[Captioned web image data]
—————

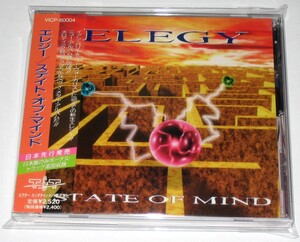 エレジー ステイト・オブ・マインド 国内盤CD (Elegy State of Mind, Japanese Edition CD)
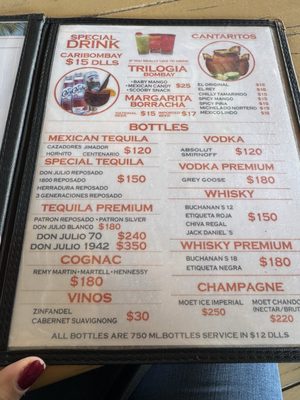 Menu photo 2 Bombay Beach Club Rosarito, BCN Menu photo 2 Bombay Beach Club Rosarito, BCN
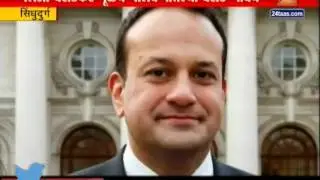 Sindhudurg | Malwani Manus | Leo Varadkar Soon Countrys Next Prime Minister Of Ireland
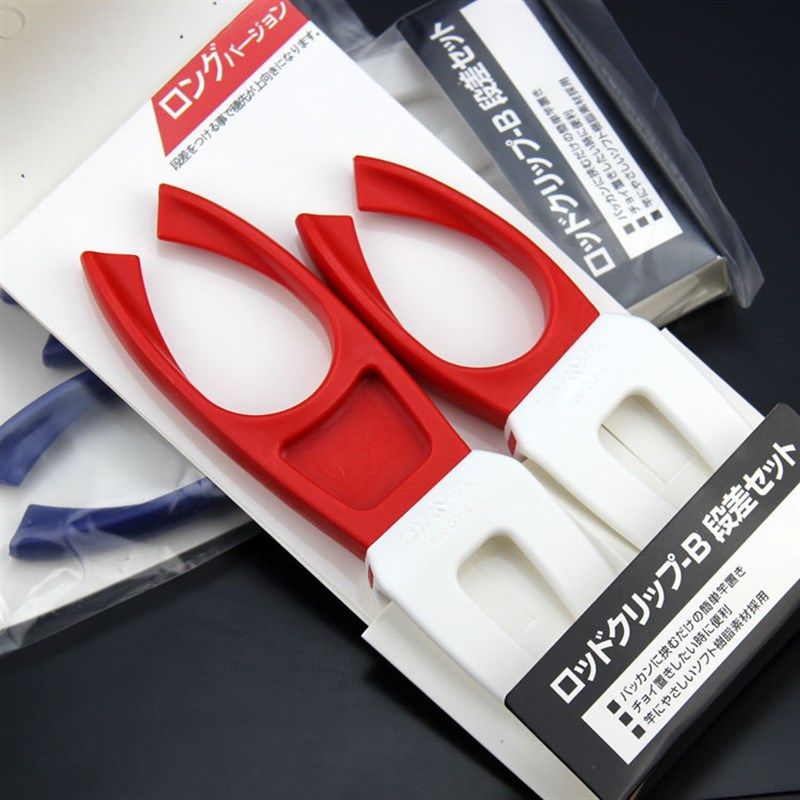 筏竿支架矶竿饵桶软胶钓箱橡胶竿架矶钓筏钓钓鱼支架竿器一对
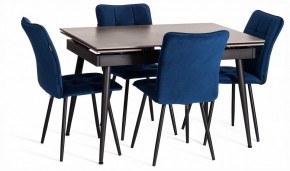 Стул Medeo LT в Нытве - nytva.ok-mebel.com | фото 2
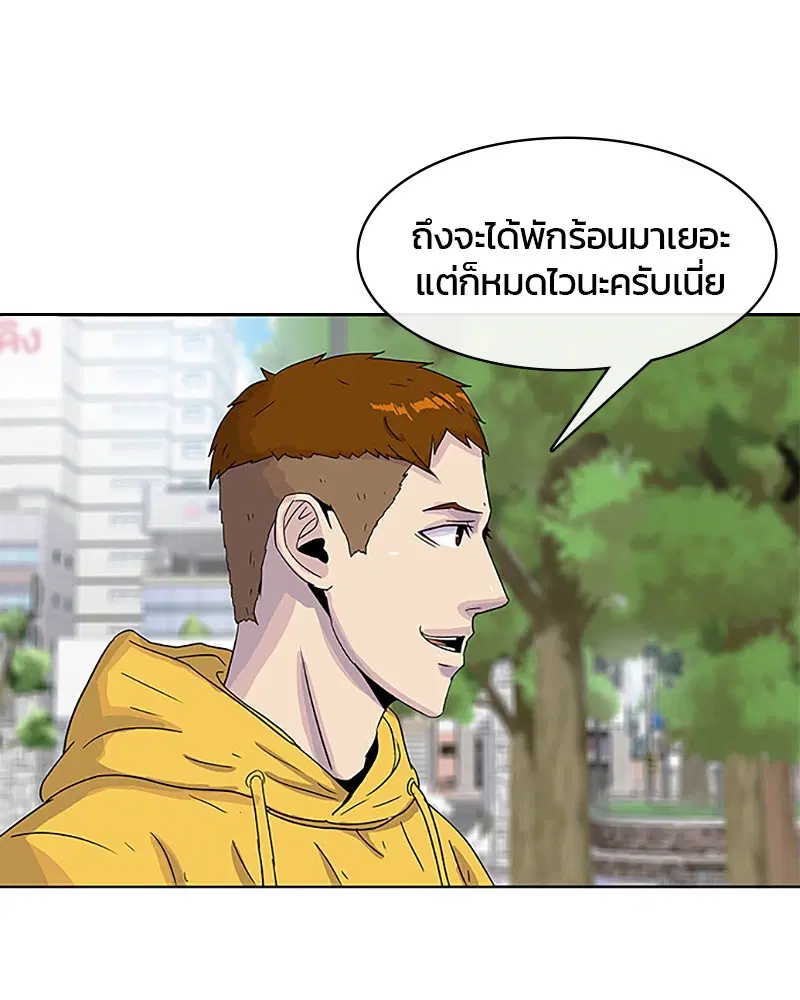 Kitchen Soldier ตอนที่ 31 หน้า 41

—————

• What you need to do: Omit every image. Quote each record exactly.

• Reply to the exercise:
 エレジー ステイト・オブ・マインド 国内盤CD (Elegy State of Mind, Japanese Edition CD)
 Menu photo 2 Bombay Beach Club Rosarito, BCN Menu photo 2 Bombay Beach Club Rosarito, BCN
 Sindhudurg | Malwani Manus | Leo Varadkar Soon Countrys Next Prime Minister Of Ireland
 筏竿支架矶竿饵桶软胶钓箱橡胶竿架矶钓筏钓钓鱼支架竿器一对
 Стул Medeo LT в Нытве - nytva.ok-mebel.com | фото 2
 Kitchen Soldier ตอนที่ 31 หน้า 41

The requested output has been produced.